Era mi primer viaje por Sudamérica. Éramos cuatro: Mariano, Andrés, Pablo y yo. Íbamos con curiosidad adolescente. Yo particularmente en busca de las plantas sagradas de los chamanes sudamericanos. Tal vez Pablo también, pero con él nunca se sabe.

Primero fue un tren lento de Buenos Aires a Tucumán, después varios buses, parando un día en Purmamarca y terminando en La Quiaca a altas horas de la noche.

Villazón Bolivia
Siempre fue así

–Parece que está cerrada la aduana.
–Pasemos igual.
–¿Mañana cómo volvemos a cruzar? Nos van a pedir los papeles.
–No sé, les explicamos… No quiero pagar un hotel en Argentina, mejor acá.
–No lo imaginaba tan oscuro.

Acabábamos de cruzar a Villazón en un horario que evidentemente no era el más normal. Las luces se acababan en el puente. Después pasamos entre las paredes de la aduana cerrada y Bolivia era una boca de lobo. Hacia adelante teníamos una calle más o menos recta y hacia la izquierda una calle más o menos curva. No sé por qué elegimos la menos evidente, la curva. No quedaba nada claro cómo tomábamos las decisiones, pero en esas penumbras daba un poco lo mismo.

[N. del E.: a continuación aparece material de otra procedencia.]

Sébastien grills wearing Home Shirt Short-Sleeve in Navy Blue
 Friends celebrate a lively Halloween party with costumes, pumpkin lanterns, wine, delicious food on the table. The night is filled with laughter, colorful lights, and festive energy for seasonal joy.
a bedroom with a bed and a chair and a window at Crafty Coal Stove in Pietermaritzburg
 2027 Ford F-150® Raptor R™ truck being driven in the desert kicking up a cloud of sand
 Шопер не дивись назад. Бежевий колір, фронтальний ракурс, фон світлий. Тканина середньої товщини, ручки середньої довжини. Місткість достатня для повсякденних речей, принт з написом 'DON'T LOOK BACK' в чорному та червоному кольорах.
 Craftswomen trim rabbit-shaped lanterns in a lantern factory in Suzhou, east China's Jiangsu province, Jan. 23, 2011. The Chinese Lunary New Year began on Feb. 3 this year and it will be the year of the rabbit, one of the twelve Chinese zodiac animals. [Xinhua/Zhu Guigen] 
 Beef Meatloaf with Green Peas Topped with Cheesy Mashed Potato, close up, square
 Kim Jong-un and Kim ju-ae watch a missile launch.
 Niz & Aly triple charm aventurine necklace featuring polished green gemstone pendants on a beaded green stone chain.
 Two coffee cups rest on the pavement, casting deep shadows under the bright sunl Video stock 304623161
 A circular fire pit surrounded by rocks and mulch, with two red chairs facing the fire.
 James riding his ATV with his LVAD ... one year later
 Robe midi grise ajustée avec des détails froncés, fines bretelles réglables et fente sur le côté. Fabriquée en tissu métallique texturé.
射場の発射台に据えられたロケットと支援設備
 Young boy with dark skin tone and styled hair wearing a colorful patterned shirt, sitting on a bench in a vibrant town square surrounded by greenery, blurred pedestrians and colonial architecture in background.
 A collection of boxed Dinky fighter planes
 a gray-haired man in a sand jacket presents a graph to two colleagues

Caminamos unos cincuenta metros. No todo era oscuridad, también había tachos con fuego. Alguno cerca y algunos lejos. Las primeras personas que vimos fueron dos jóvenes revisando un contenedor de basura iluminando con linternas.

Enseguida encontramos un cartel: «Residencial». Y caminamos por un pasillo estrecho. Nuestra habitación tenía una pared pintada de cada color.

Cuando preguntamos por comida nos mandaron ahí nomás, a un par de cuadras, al único lugar que seguía iluminado. Ahora no puedo recordar cómo es que lograban iluminarlo. Sí recuerdo que solo había sopa. Y eso cenamos, sopa.